La ética es el estudio de nuestras acciones desde el punto de vista del bien y del mal. Concierne a la acción humana. Pero la ética concierne no a lo que se hace, sino a lo que se debería hacer. No es descriptiva, sino prescriptiva y normativa.
La acción humana es de dos tipos: hay la acción productiva, o poiesis, y hay la acción ética, o praxis. La primera tiene como fin el producto; la segunda, la acción misma. Por este motivo, lo que decide acerca de la bondad de la acción ética, o praxis, no podrá ser ni las consecuencias (consecuencialismo), aunque habrá que tenerlas en consideración, ni la utilidad práctica (utilitarismo), pues este desplazamiento de acento en los resultados transformaría una acción ética en una acción técnica. La virtud es un premio en sí misma; es decir, el motivo para hacer una acción buena es hacer una acción buena.

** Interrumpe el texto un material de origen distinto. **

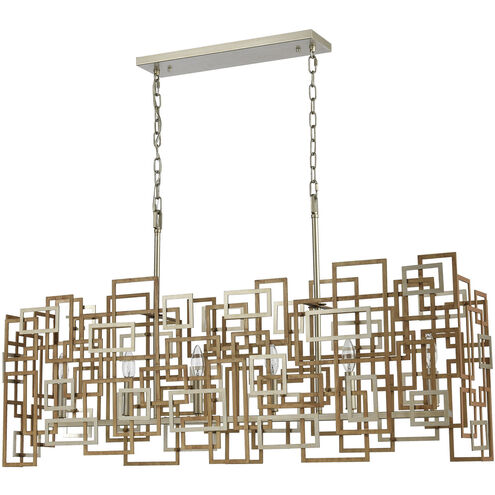Gridlock 6 Light 44 inch Matte Gold with Aged Silver Linear Chandelier Ceiling Light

Por esto, la acción moral tiene un significado intransitivo. Nuestra acción, antes de recaer en un objeto externo, recae en el sujeto agente. Si mi intención es robar dinero, mi primera decisión no es robar el dinero, sino ser un ladrón. En el hombre la acción atañe, ante todo, a su ser, puesto que la persona, al ser libre, puede actuar en conformidad, o no, al propio ser. Puede dañarse en el mismo plano del ser; esta es la "pena" que siempre comporta hacer el mal.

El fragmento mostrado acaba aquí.